SkillClaw: Let Skills Evolve Collectively with Agentic Evolver

Summary (Overview)

Collective Skill Evolution: Proposes SkillClaw, a framework for continuous, collective evolution of reusable skills in multi-user LLM agent ecosystems by aggregating interaction trajectories across users.
Agentic Evolver: Employs an autonomous LLM-based evolver that analyzes aggregated session evidence to perform open-ended reasoning and decide on skill updates via refinement, creation, or skipping.
Closed-Loop System: Establishes an automated, background loop: Interaction → Evidence Aggregation → Agentic Evolution → Validation → Skill Synchronization, requiring no user intervention.
Empirical Gains: Demonstrates significant performance improvements on WildClawBench, with relative gains up to +88.41% across diverse task categories (e.g., Social Interaction, Creative Synthesis) after multiple evolution rounds.
Case Study Insights: Skill evolution improves tasks by correcting procedural errors (e.g., API ports), structuring workflows, introducing robustness checks (e.g., file validation), and enabling stricter constraint verification.

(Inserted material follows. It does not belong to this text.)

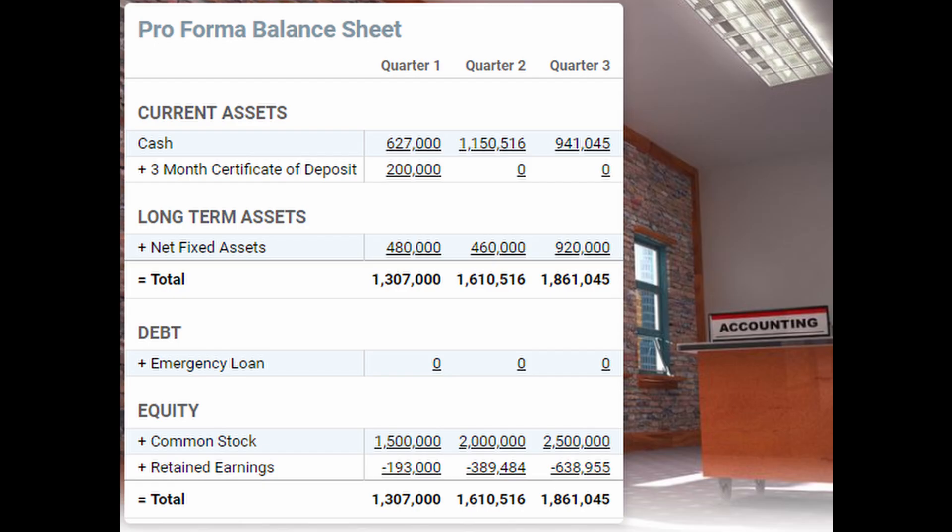After each decision period, you will review your cash flow, income statement, and balance sheet. These statements allow you to watch your cash positions, profits, debt, and assets.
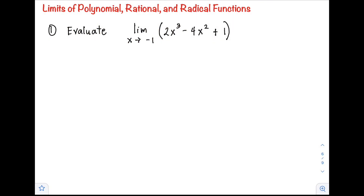Hello class, welcome back to our channel. In this video I will show you how to evaluate the limits of polynomial, rational, and radical functions. Let's have example number one: evaluate the limit of 2x³ minus 4x² plus 1 as x approaches negative 1.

Introduction and Theoretical Foundation

Large Language Model (LLM) agents like OpenClaw rely on reusable skills—structured procedures for tool interaction and task solving—as core building blocks. However, current skill ecosystems are largely static; skills are manually installed and maintained, and solutions discovered during user interactions do not persist beyond individual sessions. This leads to a critical inefficiency: similar workflows, tool usage patterns, and failure modes are repeatedly rediscovered across different users, preventing the system from accumulating knowledge and improving with collective experience.

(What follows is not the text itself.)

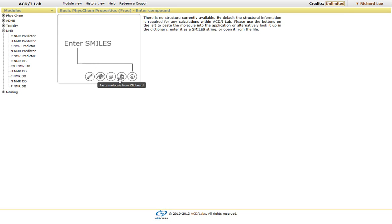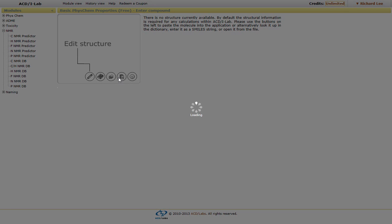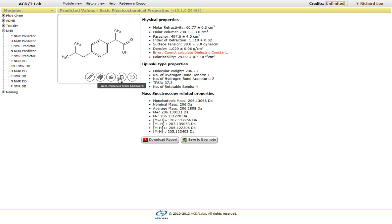In this case, I'm going to paste from our clipboard. And as soon as you paste in the clipboard, you'll notice that it generates some basic PhysChem properties.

The fundamental challenge is converting heterogeneous, cross-user experiences into reliable, generalized skill updates. Existing approaches are insufficient: memory-based methods store instance-specific trajectories but struggle to generalize; skill-based methods treat libraries as static resources; and local refinements remain isolated. SkillClaw addresses this by introducing a framework for collective skill evolution. It treats cross-user and over-time interactions as the primary signal for improvement, continuously aggregating trajectories and processing them with an autonomous agentic evolver to update a shared skill repository.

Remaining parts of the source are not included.